== PROVIDED RECORDS ==

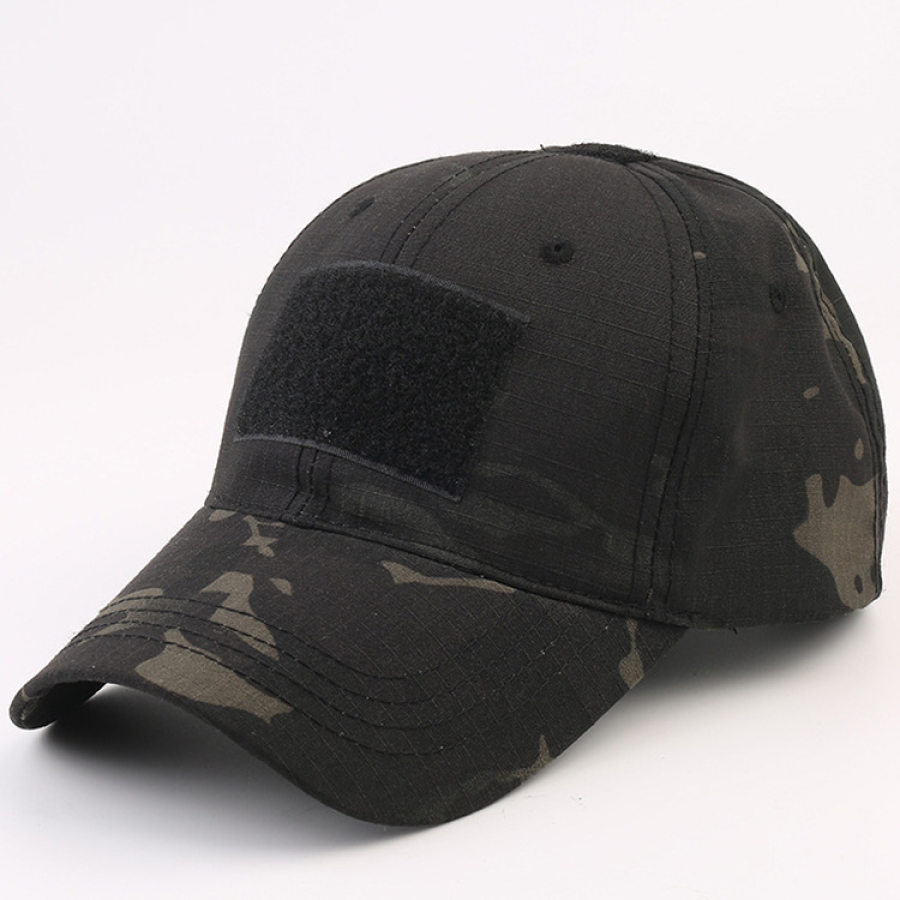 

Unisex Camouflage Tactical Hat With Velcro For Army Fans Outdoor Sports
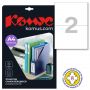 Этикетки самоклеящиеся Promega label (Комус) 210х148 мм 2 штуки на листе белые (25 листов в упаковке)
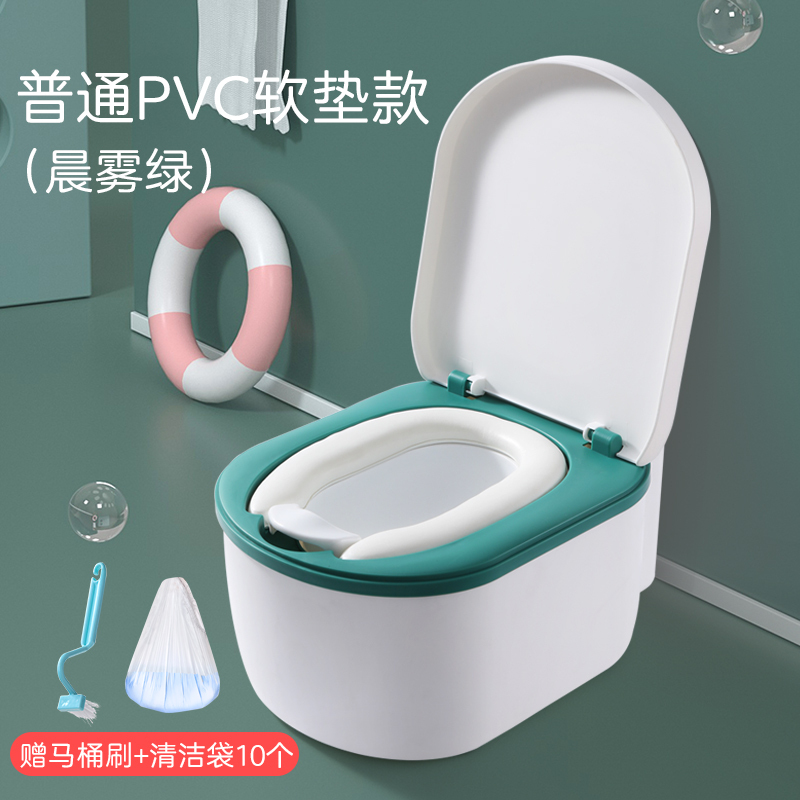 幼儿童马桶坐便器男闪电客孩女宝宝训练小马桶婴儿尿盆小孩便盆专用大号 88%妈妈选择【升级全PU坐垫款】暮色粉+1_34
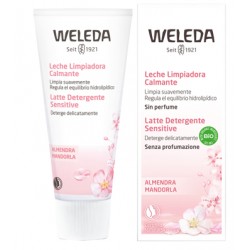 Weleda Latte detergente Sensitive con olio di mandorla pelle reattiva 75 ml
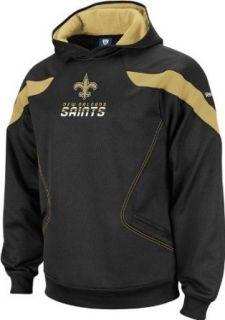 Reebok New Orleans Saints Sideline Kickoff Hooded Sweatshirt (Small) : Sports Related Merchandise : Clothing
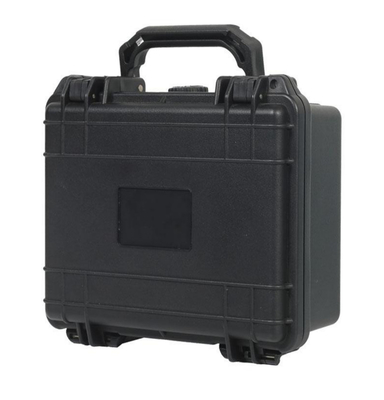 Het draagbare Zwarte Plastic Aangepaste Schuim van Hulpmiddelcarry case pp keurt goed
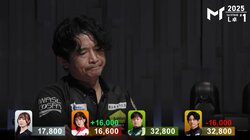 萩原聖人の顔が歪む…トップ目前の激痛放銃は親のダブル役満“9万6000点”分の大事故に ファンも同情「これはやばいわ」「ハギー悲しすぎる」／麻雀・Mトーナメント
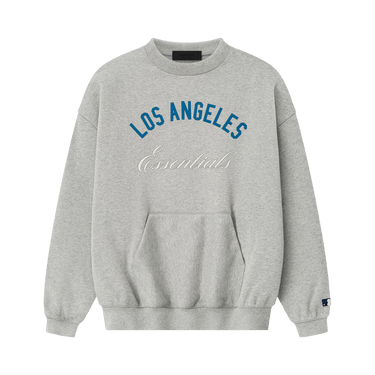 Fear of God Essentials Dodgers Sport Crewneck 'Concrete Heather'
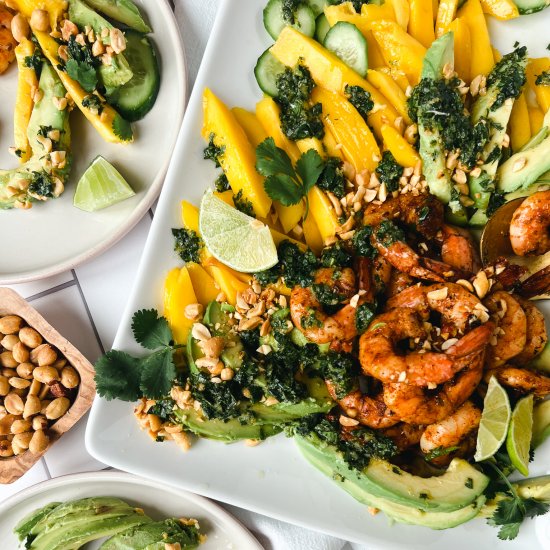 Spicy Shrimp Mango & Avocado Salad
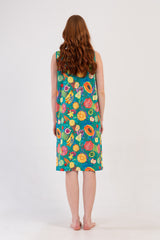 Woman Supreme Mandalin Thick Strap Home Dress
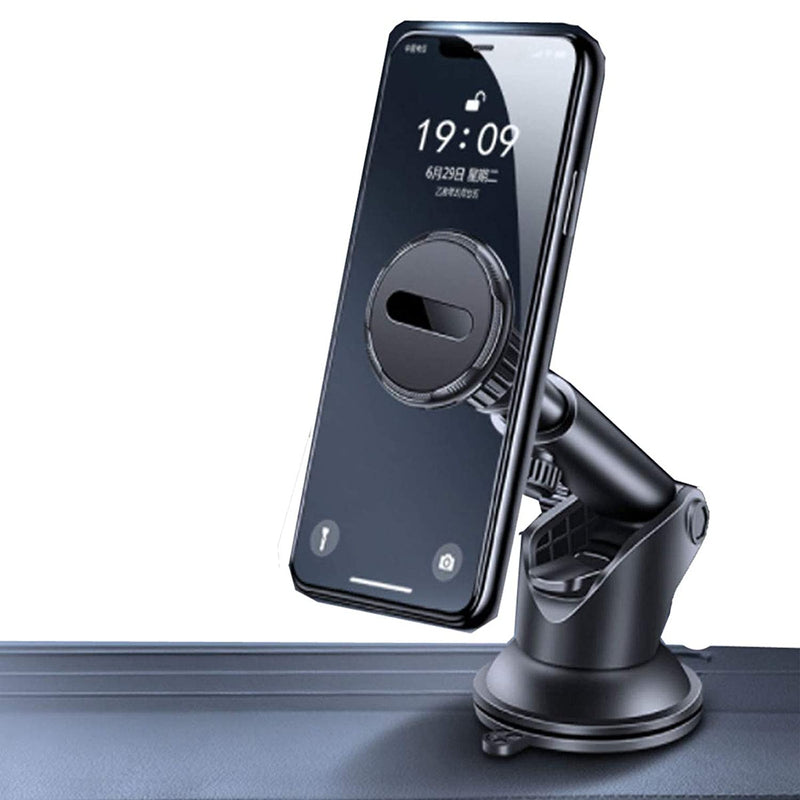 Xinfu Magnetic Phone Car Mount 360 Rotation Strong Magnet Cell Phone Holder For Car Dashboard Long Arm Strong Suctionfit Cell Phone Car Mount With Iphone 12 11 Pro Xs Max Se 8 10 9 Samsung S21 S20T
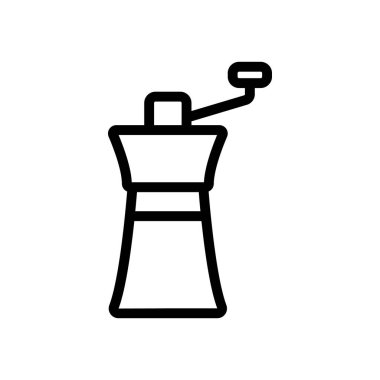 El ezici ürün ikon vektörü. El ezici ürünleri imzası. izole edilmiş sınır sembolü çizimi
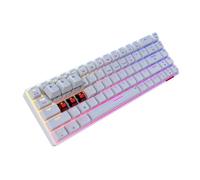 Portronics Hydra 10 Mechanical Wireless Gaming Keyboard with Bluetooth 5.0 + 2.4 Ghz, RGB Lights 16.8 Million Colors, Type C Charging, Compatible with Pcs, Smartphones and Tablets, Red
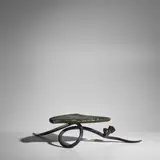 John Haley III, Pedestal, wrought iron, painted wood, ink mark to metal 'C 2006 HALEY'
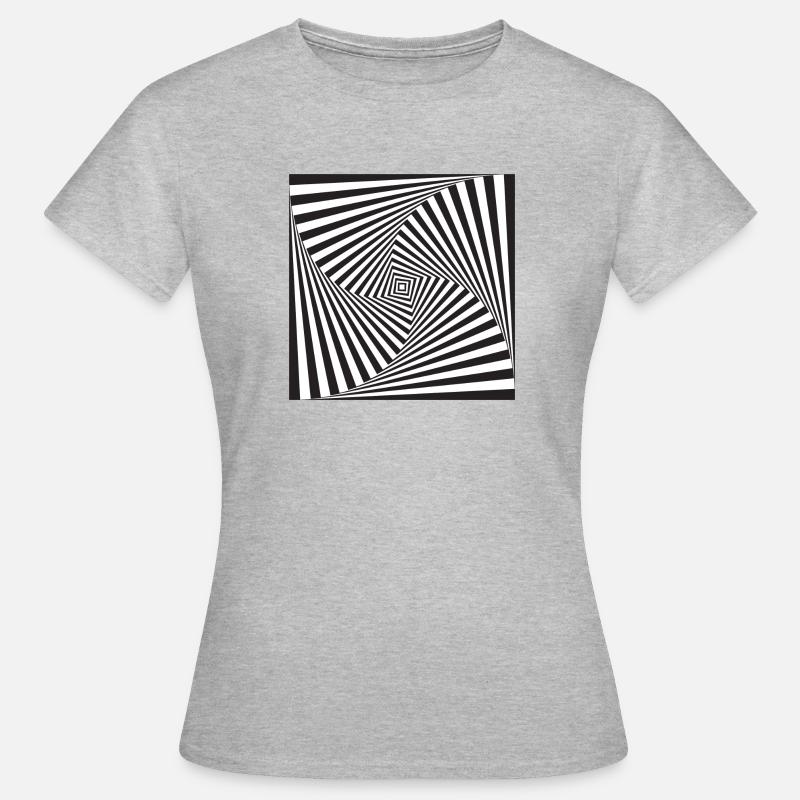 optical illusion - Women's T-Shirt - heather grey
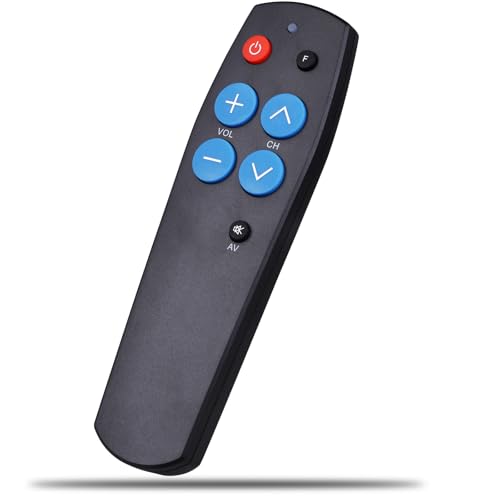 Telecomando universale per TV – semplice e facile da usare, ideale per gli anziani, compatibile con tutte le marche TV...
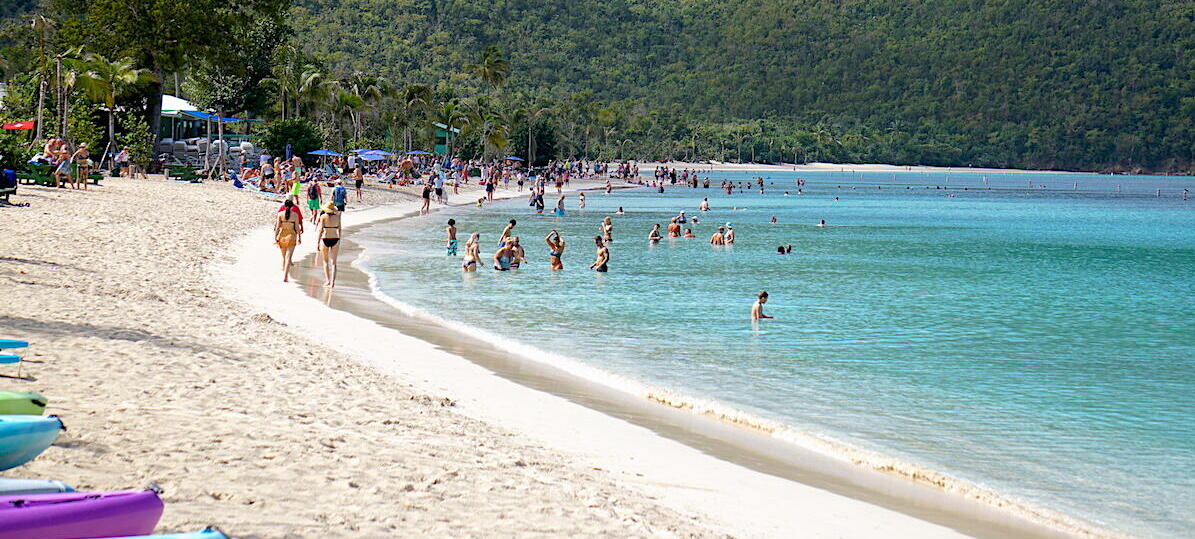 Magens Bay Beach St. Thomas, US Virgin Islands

===

## WHAT TO PRODUCE
From the first record to the last, restate everything exactly but omit the pictures.

## RESULT OF THE TASK
Unisex Camouflage Tactical Hat With Velcro For Army Fans Outdoor Sports
 Этикетки самоклеящиеся Promega label (Комус) 210х148 мм 2 штуки на листе белые (25 листов в упаковке)
 幼儿童马桶坐便器男闪电客孩女宝宝训练小马桶婴儿尿盆小孩便盆专用大号 88%妈妈选择【升级全PU坐垫款】暮色粉+1_34
 Weleda Latte detergente Sensitive con olio di mandorla pelle reattiva 75 ml
 Reebok New Orleans Saints Sideline Kickoff Hooded Sweatshirt (Small) : Sports Related Merchandise : Clothing
 Het draagbare Zwarte Plastic Aangepaste Schuim van Hulpmiddelcarry case pp keurt goed
 萩原聖人の顔が歪む…トップ目前の激痛放銃は親のダブル役満“9万6000点”分の大事故に ファンも同情「これはやばいわ」「ハギー悲しすぎる」／麻雀・Mトーナメント
 Fear of God Essentials Dodgers Sport Crewneck 'Concrete Heather'
 Spicy Shrimp Mango & Avocado Salad
 Woman Supreme Mandalin Thick Strap Home Dress
 Xinfu Magnetic Phone Car Mount 360 Rotation Strong Magnet Cell Phone Holder For Car Dashboard Long Arm Strong Suctionfit Cell Phone Car Mount With Iphone 12 11 Pro Xs Max Se 8 10 9 Samsung S21 S20T
 El ezici ürün ikon vektörü. El ezici ürünleri imzası. izole edilmiş sınır sembolü çizimi
 Portronics Hydra 10 Mechanical Wireless Gaming Keyboard with Bluetooth 5.0 + 2.4 Ghz, RGB Lights 16.8 Million Colors, Type C Charging, Compatible with Pcs, Smartphones and Tablets, Red
 John Haley III, Pedestal, wrought iron, painted wood, ink mark to metal 'C 2006 HALEY'
 optical illusion - Women's T-Shirt - heather grey
 Telecomando universale per TV – semplice e facile da usare, ideale per gli anziani, compatibile con tutte le marche TV...
 Magens Bay Beach St. Thomas, US Virgin Islands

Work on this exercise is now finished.